SMP segmentation faults

Posted: Sun Jul 08, 2007 11:52 am
by vanhelmont
My last two work units terminated with similar errors at 67%. Here's what I copied from the terminal:

[13:06:32] Writing local files
[13:06:33] Completed 335000 out of 500000 steps (67 percent)
[0]0:Return code = 0, signaled with Segmentation fault
[0]1:Return code = 0, signaled with Segmentation fault
[0]2:Return code = 0, signaled with Segmentation fault
[0]3:Return code = 0, signaled with Segmentation fault
[13:23:53] CoreStatus = 0 (0)
[13:23:53] Client-core communications error: ERROR 0x0
[13:23:53] Deleting current work unit & continuing...
[0]0:Return code = 0, signaled with Quit
[0]1:Return code = 0, signaled with Quit
[0]2:Return code = 0, signaled with Quit
[0]3:Return code = 18
[13:28:21] - Preparing to get new work unit...
[13:28:21] + Attempting to get work packet
[13:28:21] - Connecting to assignment server
[13:28:21] - Successful: assigned to (171.64.65.56).
[13:28:21] + News From Folding@Home: Welcome to Folding@Home
[13:28:21] Loaded queue successfully.
[13:28:33] + Closed connections
[13:28:38]
[13:28:38] + Processing work unit
[13:28:38] Core required: FahCore_a1.exe
[13:28:38] Core found.
[13:28:38] Working on Unit 05 [July 8 13:28:38]
[13:28:38] + Working ...
[13:28:38]
[13:28:38] *------------------------------*
[13:28:38] Folding@Home Gromacs SMP Core
[13:28:38] Version 1.73 (November 27, 2006)
[13:28:38]
[13:28:38] Preparing to commence simulation
[13:28:38] - Ensuring status.

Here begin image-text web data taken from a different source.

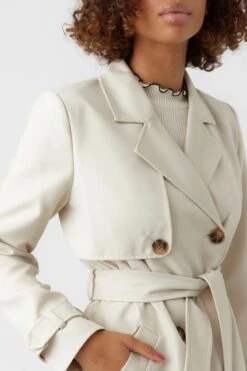 Vero Moda Jas Vmceleste Ss23 Trench Coat 10278714 Oatmeal Dames Maat - S -ONLY Winkel 800x1200 199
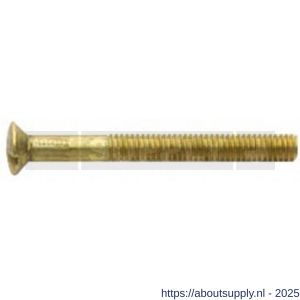 Intersteel 9905 patentbout M4x38 mm messing - S26000846 - afbeelding 1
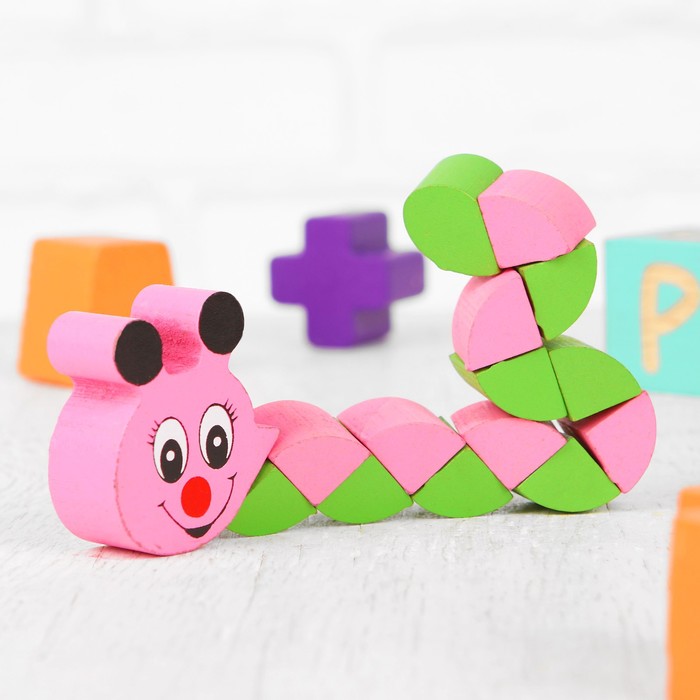 Головоломка-змейка "Гусеничка", малая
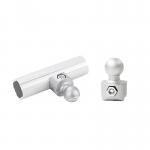 DYJ28-A18 Industrial Aluminum Structural Lean Pipe Fittings Connector System For Shelf for sale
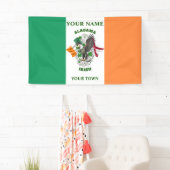 アイルランド国旗 – Alabama Irish 横断幕 (インサイチュ)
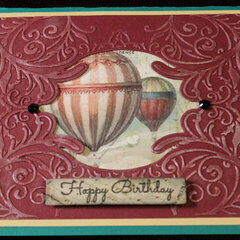 Up and Away Birthday Card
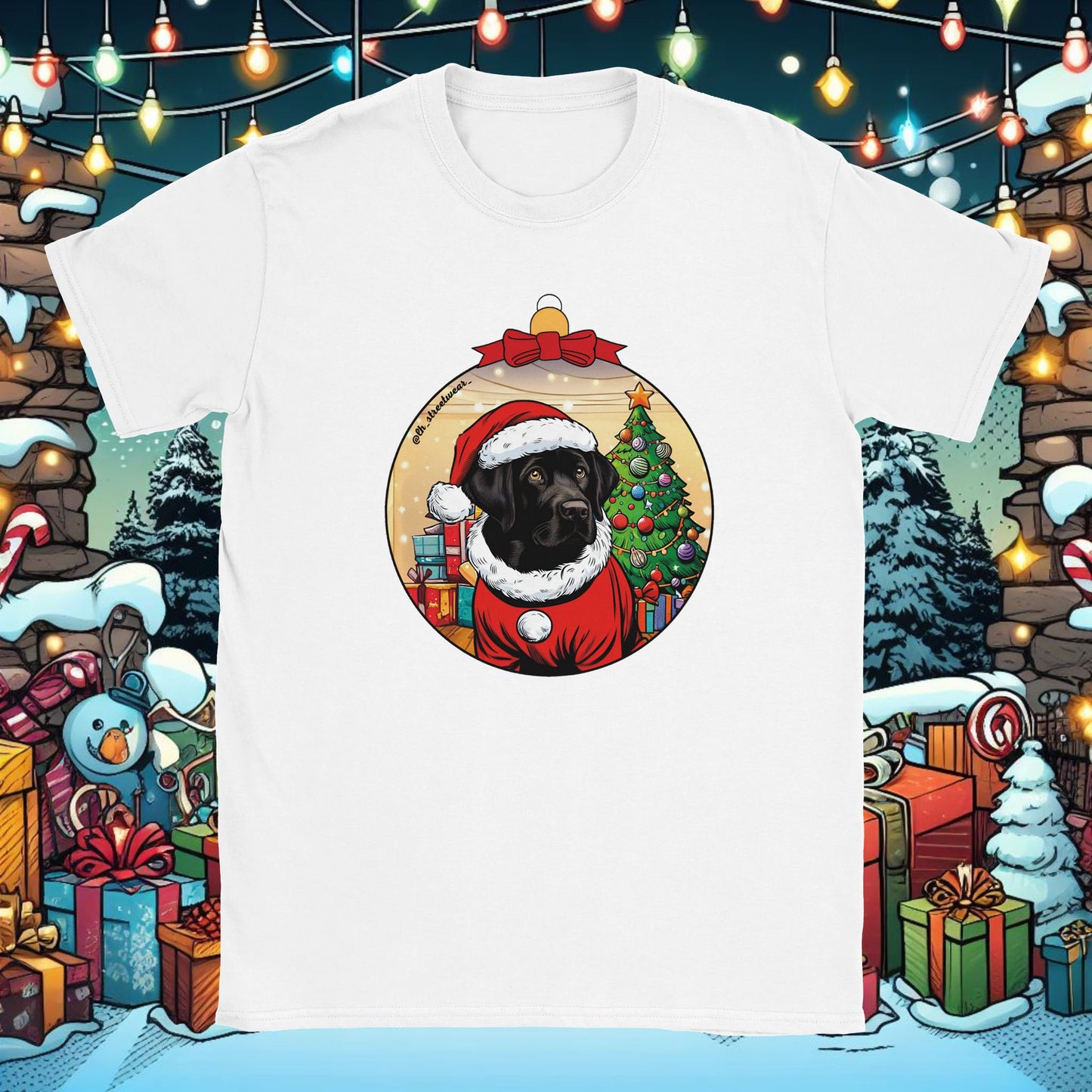 Navidad - Camiseta Unisex - Labrador Retriever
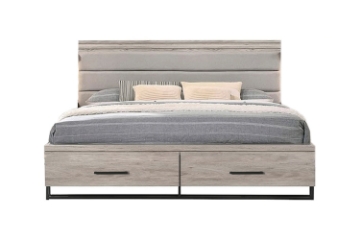 Picture of WESTDEN Bed Frame with 2 Nightstand 3PC Combo (Grey)  - Queen Size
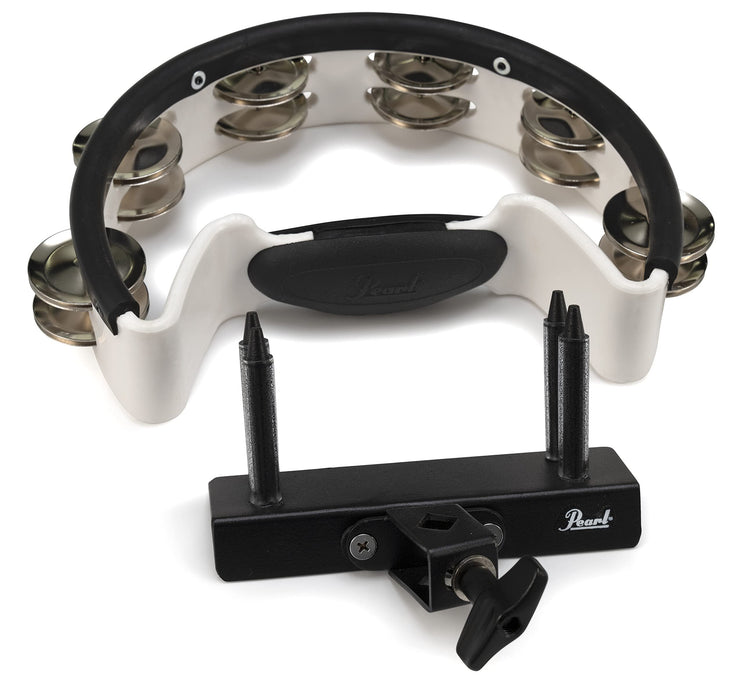 Pearl Drum Set Tambourine, White (PTM10SHX)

Please wait.
[13:28:55] - Looking at optimizations...
[13:28:55] - Working with standard loops on this execution.
[13:28:55] - Previous termination of core was improper.
[13:28:55] - Going to use standard loops.
[13:28:55] - Files status OK
[13:28:57] (decompressed 537.8 percent)
[13:28:57] - Starting from initial work pa- Starting from initial work packet
[13:28:57]
[13:28:57] Project: 2608 (Run 0, Clone 40, Gen 30)

It appears to be running the same thing over and over, and crashing at the same place each time. I'm going to stop it, delete it, and try to get a new, different one.

Has this happened to anyone else? Is it my machine or a bad work unit?

Thanks

Posted: Mon Jul 09, 2007 3:59 pm
by vg30et
I can't say that I've seen your particular error but here are some incidents where I've seen SMP bomb out on me:

1. Network connection drops and/or when establishing a VPN connection
2. Attempting to restart FAH when FAH processes are already running or MPICH2 service isn't started
3. Group policy or other automated script removes administrative rights from the account under which FAH was installed with
4. Unstable processor/memory from excessively high temps or too high of an overclock

I think that in your case, a complete removal and reinstallation should work. My usual steps are:
- Stop FAH and ensure all FAH processes are not running (or reboot)
- Stop MPICH2 Process Manager, Argonne National Lab service
- From add/remove programs, uninstall Folding at Home
- Delete Folding at Home folder from c:\program files\ or your install directory
- Reinstall using .exe and run install.bat (this should remove and reinstall the MPICH2 service)
- Reboot (optional) and run fah.exe

Posted: Mon Jul 09, 2007 6:23 pm
by Plissken
Awhile back I got a work unit that errored out, then it happened again a couple days later on the same one (can't remember the # though). I haven't gotten that WU since then, as far as I can tell, and no problems since then, so I blame it on a bad WU.
The other 2 things that have caused SMP not to run for me are:
- Password change on the PC, then you need to run install.bat again
- Expired / timed out FAH.EXE (Beta period expired), need to download it again.

Posted: Mon Jul 09, 2007 10:37 pm
by peteamer
Ivoshiee over at the folding forum is having the same prob.
No solution though...


Pete

Posted: Tue Jul 10, 2007 1:16 pm
by vanhelmont
I did control-c to stop the folding processes, renamed the directory with the folding executable and data, made a new folding directory, opened the archive in it, and ran the executable. It got a different work unit, which finished today without problems.

Must have been a bad work unit. I had done about 20 smp work units before, and this one failed twice, at the same point each time. Lost 4 days of folding, though.

The work unit I got today is the same project, but a different clone and run than the bad one. I'll see what happens.